Галия вернулась с работы чуть раньше меня. Принесла работу на дом. Ей надо поздравительные открытки красивым почерком подписать с завитушками. Жена наловчилась этой каллиграфии за время работы и с удовольствием выводила завитки на открытках с одинаковым текстом, но с разным обращением. Имена-отчества ей выдали на отдельном листке, судя по комментариям к ним, это всё районное городское и партийное начальство, видимо, собираются в подарки от завода эти открытки вкладывать.
Разогрел нам ужин, перекусили, жена опять занялась работой, а я с удовольствием наблюдал за ней, залипательное зрелище… Усидчивости ей не занимать, — отметил я про себя. — А главное, Галие это нравится. Понимаю Юрку Бахтина, но, на мой взгляд, всю жизнь завитушки рисовать, так себе перспективка… Как долго эта работа удовольствие будет приносить?
Из раздумий меня вывел телефонный звонок. Сатчан сказал, что будет минут через двадцать на нашем месте.
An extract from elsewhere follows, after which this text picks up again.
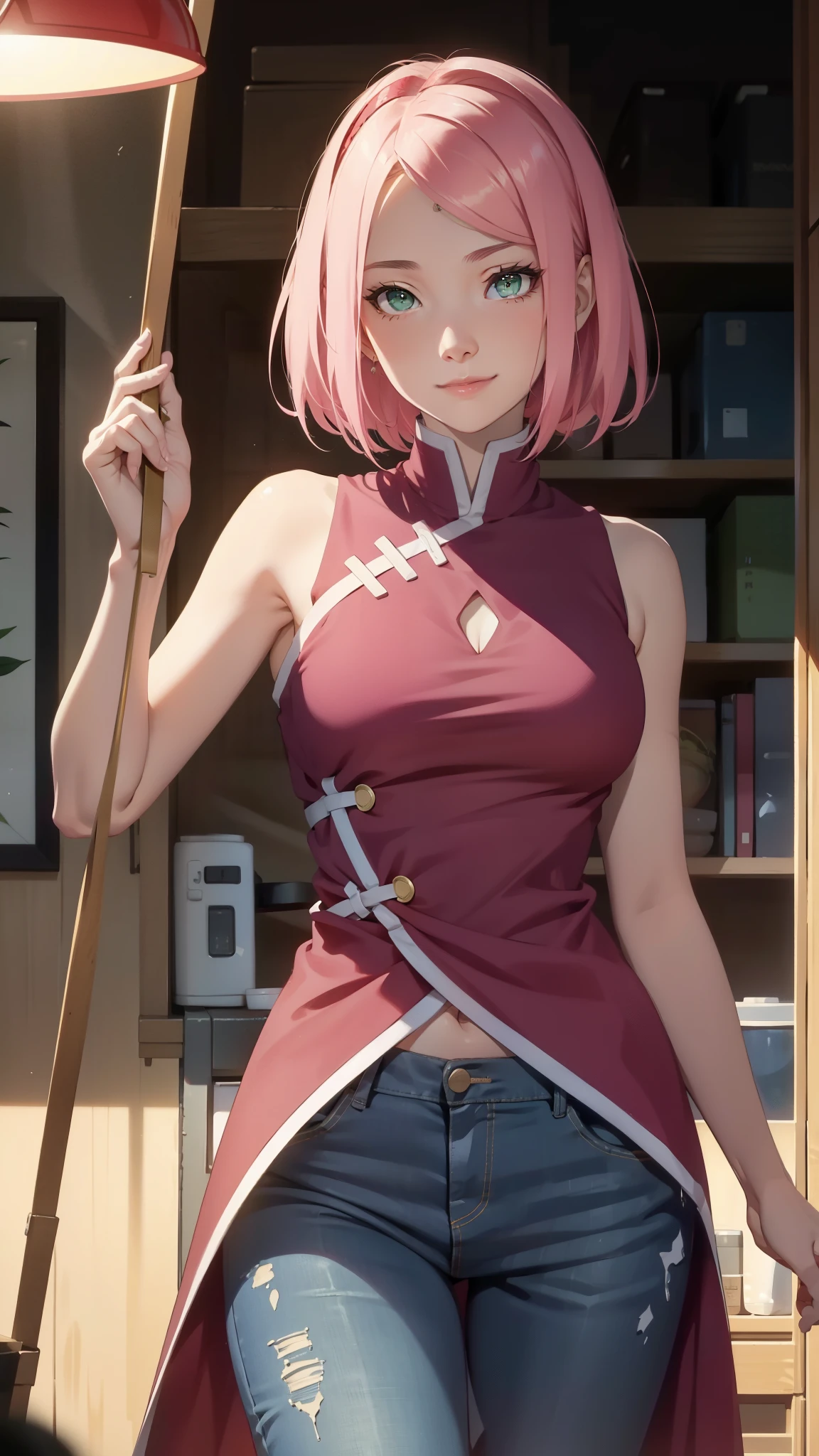 ​masterpiece, absurderes, (intricate detailes), (colourfull), 电影灯光, Highly detailed 8k CG unit wallpaper, 1 girl in, very Bigger breasts, sakura haruno, Puppy position, pov, nsfw, Provocative, uptight, embarrassed from, red blush, ripped clothing, barechested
Вышел немного раньше проветриться и мысли в порядок привести. С моей стороны, однозначно, играть надо в открытую. Что-то выдумывать и сочинять нет никакого смысла. Все мои карьерные достижения, даже если считать, что я все проверки прошёл и устроился на работу в Кремль, это только самое начало очень большого пути. И на этом пути случиться может всё, что угодно. Насколько блестящим был взлет, настолько же стремительным может быть и падение. В Кремле подводные течения и подковерная борьба ещё серьёзнее, чем на местах. Уж кто-кто, а Сатчан это прекрасно понимает. Человек он уже опытный, хоть и молодой. Зависти быть не должно. Насколько я его знаю, у него ум уже работает совсем в другом направлении: а что он лично может с этого поиметь? Вот на перспективах нашего дальнейшего сотрудничества и надо строить разговор.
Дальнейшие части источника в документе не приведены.